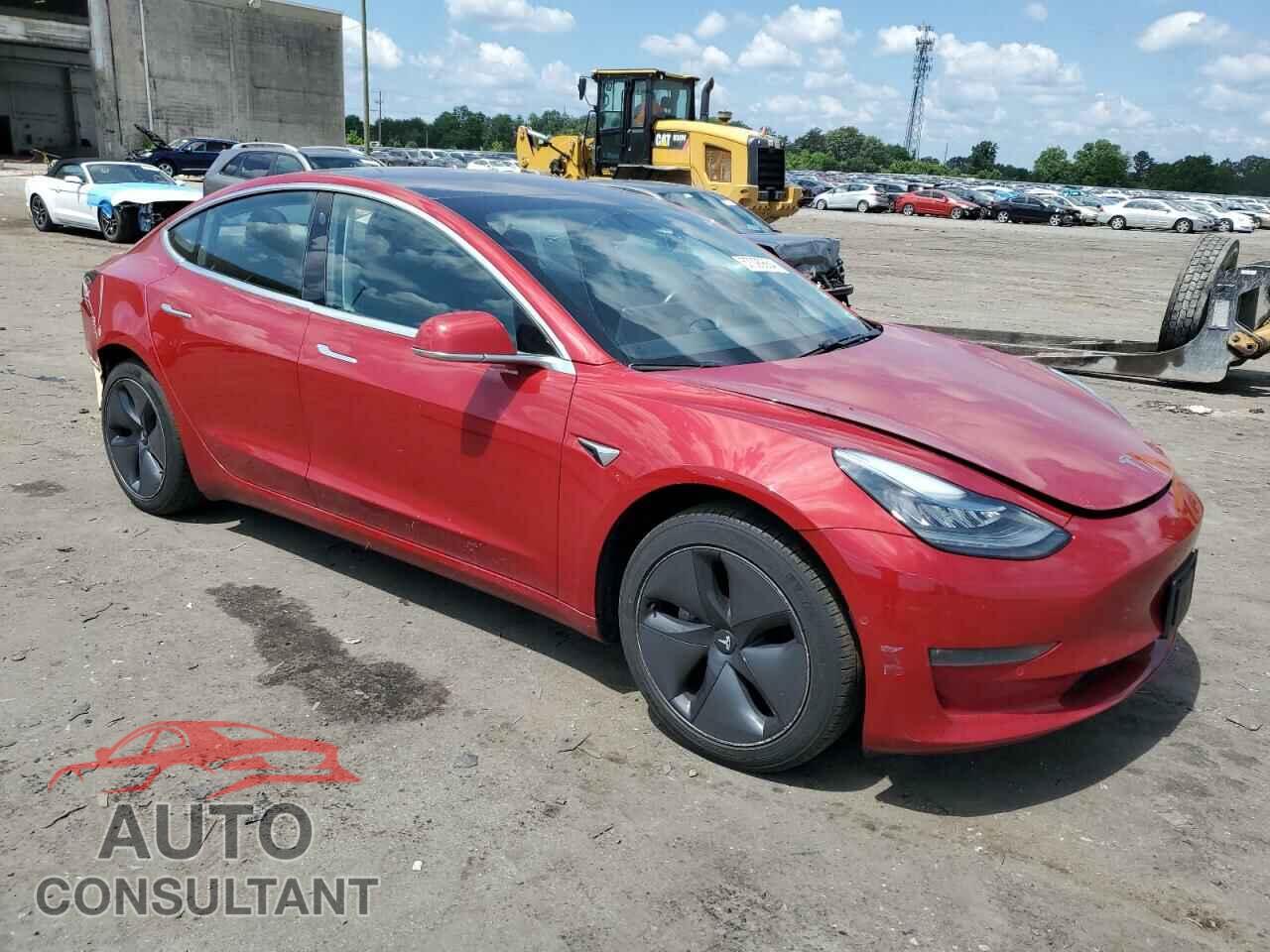 TESLA MODEL 3 2018 - 5YJ3E1EA9JF038061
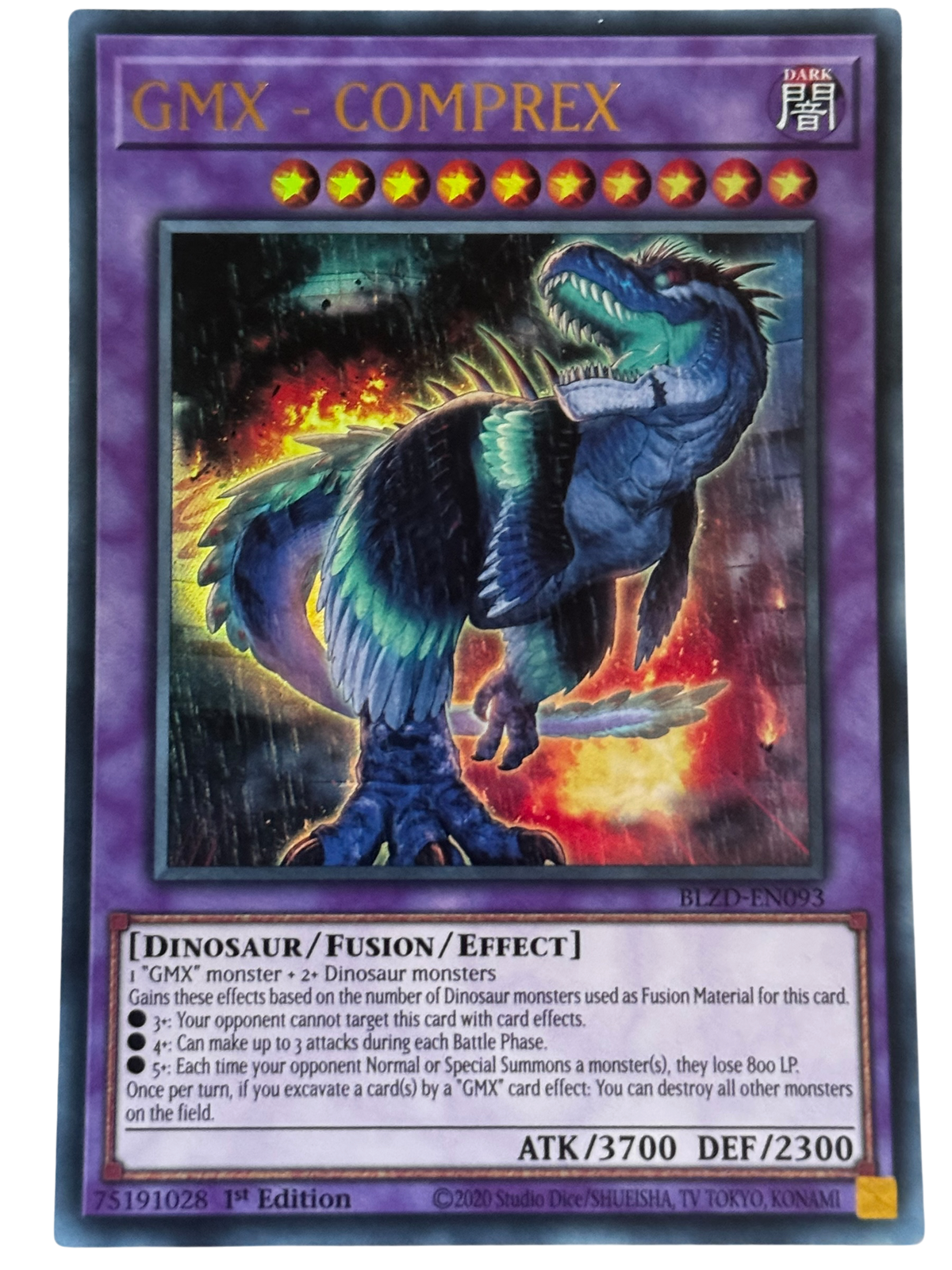 GMX - Comprex BLZD-EN093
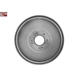 Purchase Top-Quality Tambour de frein arrière by PROMAX - 16-35118 pa1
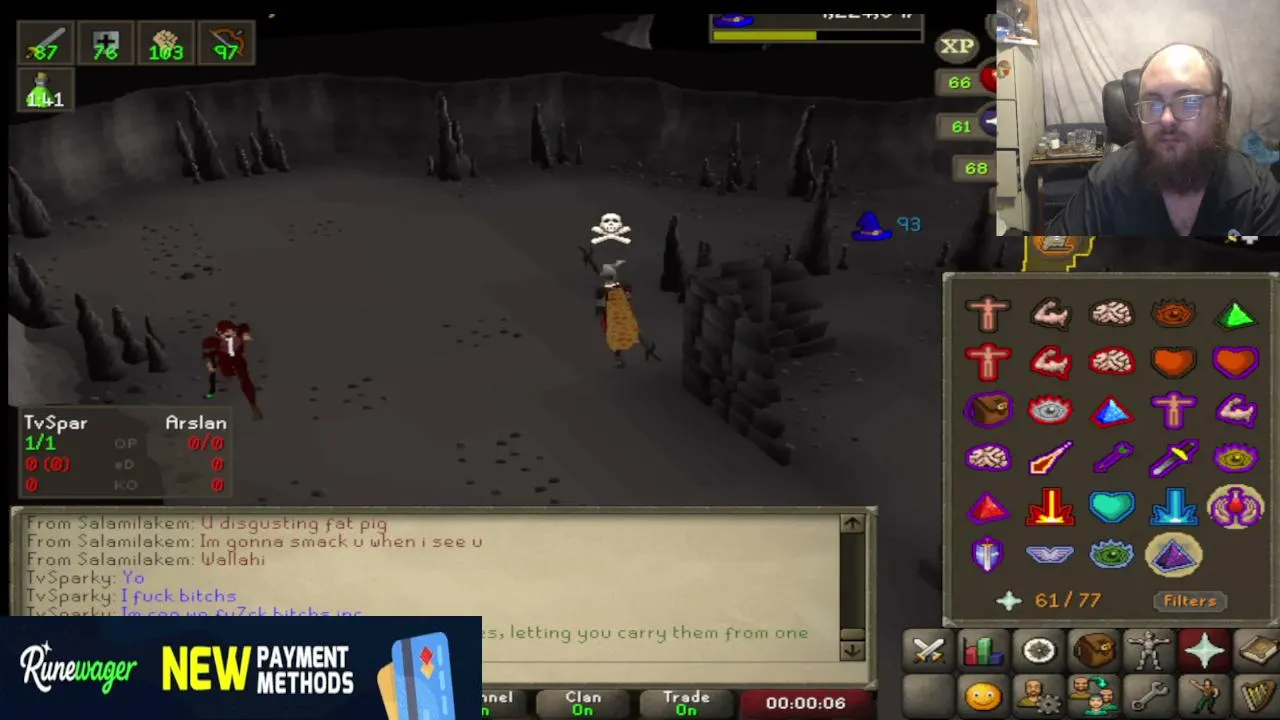 TvSparky live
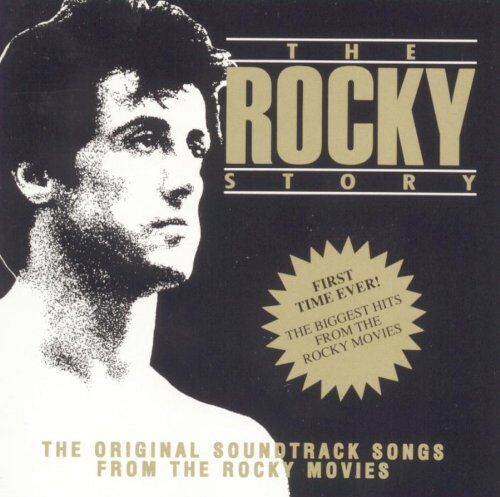 Various - The Rocky Story - Preis vom 11.10.2026 03:10:56 h
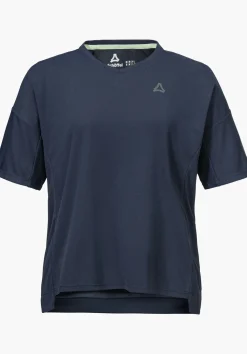 Luftiges, geruchshemmendes Sport-Shirt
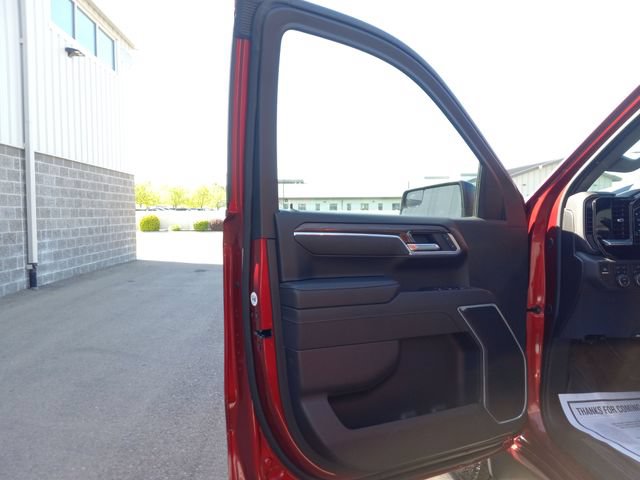Certified 2025 Chevrolet Silverado 1500 RST AWD/4WD image 10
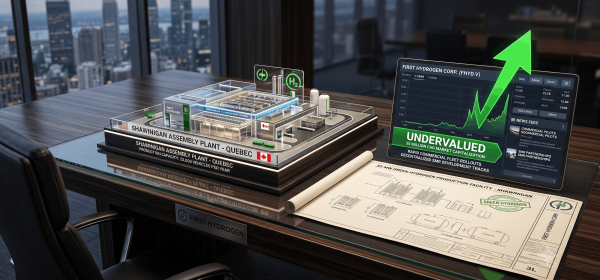 Overcoming the Range Limitation: SpaceX Thinks Big, Siemens Energy Believes in AI, and First Hydrogen Solves Earthly Problems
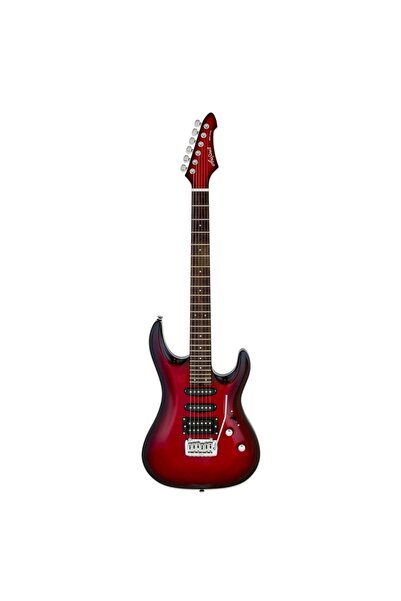 Arıa Pro Iı Macstdmrs Elektro Gitar Hss Rw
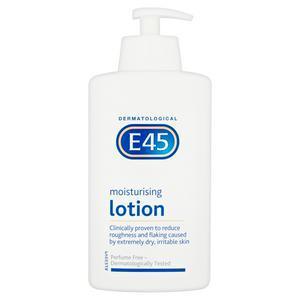 E45 - E45 Moisturising Lotion (500ml)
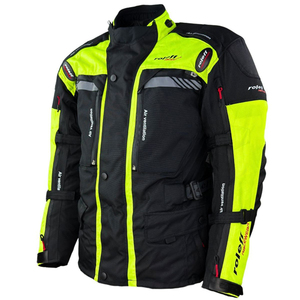 Blouson de moto en velours côtelé haut de gamme pour homme – Taille personnalisable, respirant, coupe-vent, imperméable, teint en pièce - Product Image 3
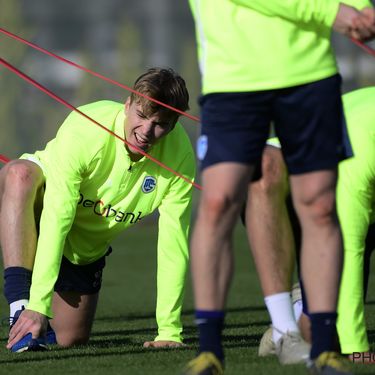 KRC Genk winter training camp - day 8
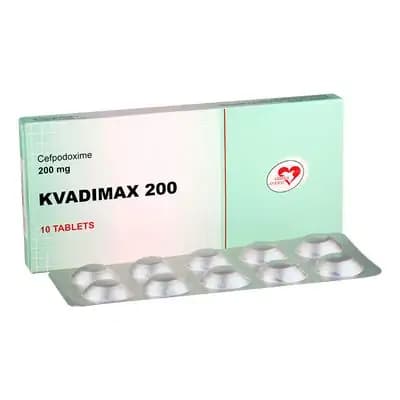 კვადიმაქსი 200მგ #10ტ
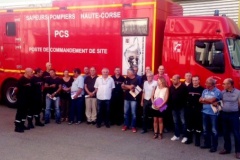 Réserves communales au SDIS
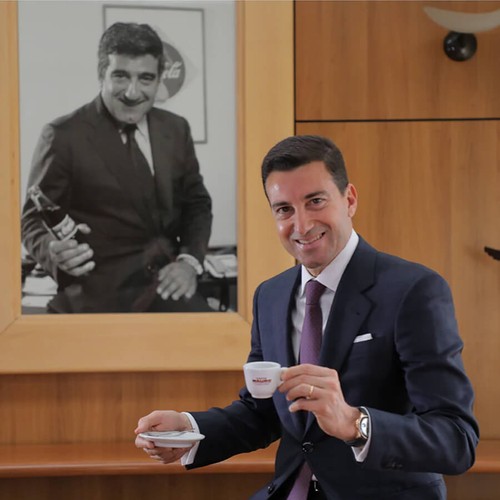  Fabrizio Capua Caffè Mauro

■ WHAT TO WORK ON: Transcribe exactly the line that contains "Arıa Pro Iı Macstdmrs Elektro Gitar Hss Rw" and each line after it through the end of the listing. Leave out the pictures.

■ ANSWER SPACE:
 Arıa Pro Iı Macstdmrs Elektro Gitar Hss Rw
 E45 - E45 Moisturising Lotion (500ml)
 Blouson de moto en velours côtelé haut de gamme pour homme – Taille personnalisable, respirant, coupe-vent, imperméable, teint en pièce - Product Image 3
 KRC Genk winter training camp - day 8
 კვადიმაქსი 200მგ #10ტ
 Réserves communales au SDIS
  Fabrizio Capua Caffè Mauro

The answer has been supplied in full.